Nasa spacecraft Juno set for record-breaking Jupiter approach
A spacecraft on a mission to Jupiter will make a record-breaking close approach to the giant planet today.
Juno will have its whole suite of nine instruments activated as it soars 2,500 miles above Jupiter's swirling cloud tops at 130,000mph.
Mission controllers at the American space agency Nasa expect to capture stunning images and a wealth of scientific data from Saturday's approach.
Principal investigator Dr Scott Bolton, of the Southwest Research Institute in San Antonio, Texas, US, said: "This is the first time we will be close to Jupiter since we entered orbit on July 4. Back then we turned all our instruments off to focus on the rocket burn to get Juno into orbit around Jupiter.
"Since then, we have checked Juno from stem to stern and back again. We still have more testing to do, but we are confident that everything is working great, so for this upcoming flyby Juno's eyes and ears, our science instruments, will all be open.
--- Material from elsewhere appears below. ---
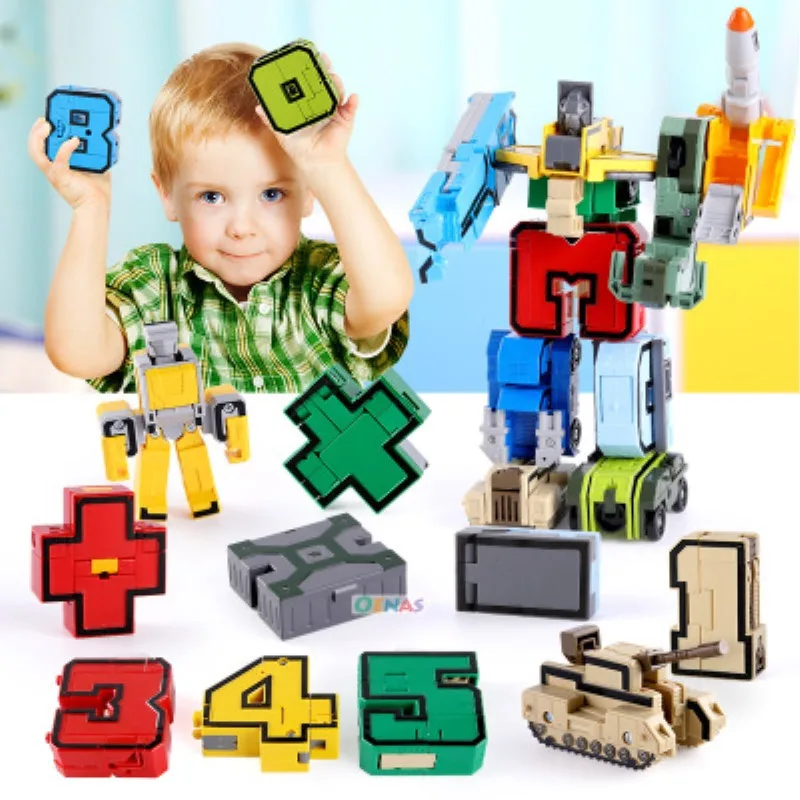 

15PCS Assembling Building Blocks Educational Toys Action Figure Transformation Number Robot Deformation Robot Toy for Children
"This is our first opportunity to really take a close-up look at the king of our solar system and begin to figure out how he works."
It will take some days for the images and information gathered by Juno to be downloaded on Earth.
Nasa hopes to release a handful of close-up images from JunoCam, the probe's panoramic colour camera, during the later part of next week. They should include the first detailed pictures of Jupiter's north and south poles.
In total, 35 more close flybys are planned during Juno's primary mission, scheduled to end in February 2018.
No previous spacecraft has flown so near to Jupiter before.
The previous record for a close approach to the planet was set by Nasa's Pioneer 11 spacecraft, which passed at a distance of 27,000 miles in 1974.
Only one other spacecraft, Galileo, which visited Jupiter and its moons from 1995 to 2003, has orbited the planet. Although it was deliberately crashed onto Jupiter at the end of its mission, it orbited from much further out than Juno.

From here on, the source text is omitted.